Some of Philly's most prominent homes front Rittenhouse Square. This flat green patch sits amid the Deco-era buildings of the posh retail district bordered by Broad, 21st, Market, and Pine streets. Office workers often head to the park for lunch, sometimes with a clam pizza hot from the oven at Lombardi's (132 S. 18th St.; 215-564-5000), scion of the 100-year-old New York shop that claims to be the first American pizzeria. Perhaps no one has done more to make Rittenhouse a gastronomic destination than French-born Chef Georges Perrier. Brasserie Perrier (1619 Walnut St.; 215-568-3000) serves such Gallic fare as frisée aux lardons.
Avenue of the Arts
Broad Street gained an impressive centerpiece in 2001 when the Kimmel Center for the Performing Arts (Broad and Spruce streets; 215-790-5830, www.kimmelcenter.org) opened as home to the Philadelphia Orchestra. Visit at 1 p.m. (except Mondays) for a free tour, including the glassed-in roof garden with sweeping city views. The performance season unfolds in September with Broadway shows at the Academy of Music (Broad and Locust streets; 215-893-1999), musicals at the Prince Music Theater (1412 Chestnut St. at Broad St.; 215-569-9700), and new plays at the Wilma Theater (265 S. Broad St.; 215-546-7824). Vast windows let pretheater diners survey the scene as they sup on contemporary American fare at Bliss (220 S. Broad St.; 215-731-1100).
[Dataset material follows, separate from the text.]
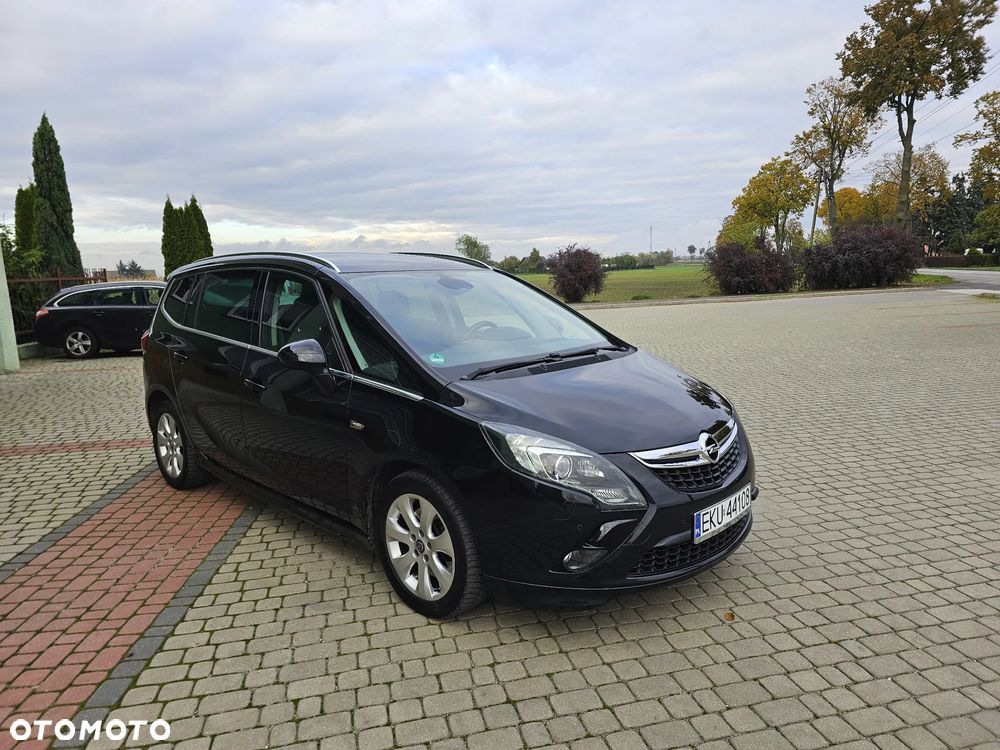 Opel Zafira 2.0 CDTI Enjoy - 11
Finger-snapping live jazz goes until 2 a.m. at Zanzibar Blue (Broad and Walnut streets; 215-732-4500).
Reading Terminal Market
For an overview of Philadelphia flavors, stop at the Reading Terminal Market (12th and Arch streets; 215-922-2317). This farmers' market emporium, with more than 80 merchants, has operated in the Reading Railroad train shed since 1892. There's everything from Peking duck to spanakopita, and the Pennsylvania Dutch bakers turn out Wednesday through Saturday.